### [Material supplied]
****************

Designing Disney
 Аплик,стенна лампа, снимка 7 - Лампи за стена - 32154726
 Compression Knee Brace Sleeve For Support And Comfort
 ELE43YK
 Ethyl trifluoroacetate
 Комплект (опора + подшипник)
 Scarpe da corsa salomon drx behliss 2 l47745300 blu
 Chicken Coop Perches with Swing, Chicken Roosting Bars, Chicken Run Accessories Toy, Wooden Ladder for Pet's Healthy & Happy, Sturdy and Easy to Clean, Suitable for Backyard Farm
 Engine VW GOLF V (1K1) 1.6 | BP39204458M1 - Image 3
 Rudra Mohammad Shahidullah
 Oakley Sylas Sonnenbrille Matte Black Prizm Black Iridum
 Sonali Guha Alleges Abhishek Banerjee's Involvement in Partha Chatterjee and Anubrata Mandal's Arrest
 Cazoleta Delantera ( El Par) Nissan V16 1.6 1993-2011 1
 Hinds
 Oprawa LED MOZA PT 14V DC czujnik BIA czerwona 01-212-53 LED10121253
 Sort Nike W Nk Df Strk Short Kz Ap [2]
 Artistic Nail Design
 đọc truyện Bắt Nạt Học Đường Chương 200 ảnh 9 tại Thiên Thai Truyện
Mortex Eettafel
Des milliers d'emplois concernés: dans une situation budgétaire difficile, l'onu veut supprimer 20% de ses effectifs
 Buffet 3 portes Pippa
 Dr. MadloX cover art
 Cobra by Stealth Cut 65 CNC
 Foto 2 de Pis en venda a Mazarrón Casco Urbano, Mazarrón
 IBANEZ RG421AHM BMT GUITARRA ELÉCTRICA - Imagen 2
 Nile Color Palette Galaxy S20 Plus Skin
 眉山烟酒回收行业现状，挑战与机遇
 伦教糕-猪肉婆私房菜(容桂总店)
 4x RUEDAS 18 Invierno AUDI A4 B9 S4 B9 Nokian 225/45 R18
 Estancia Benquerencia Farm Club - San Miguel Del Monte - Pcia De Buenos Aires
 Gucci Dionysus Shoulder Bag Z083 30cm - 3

****************

### [Activity]
Copy all lines above where "Farm" is present.

### [Response]
 Chicken Coop Perches with Swing, Chicken Roosting Bars, Chicken Run Accessories Toy, Wooden Ladder for Pet's Healthy & Happy, Sturdy and Easy to Clean, Suitable for Backyard Farm
 Estancia Benquerencia Farm Club - San Miguel Del Monte - Pcia De Buenos Aires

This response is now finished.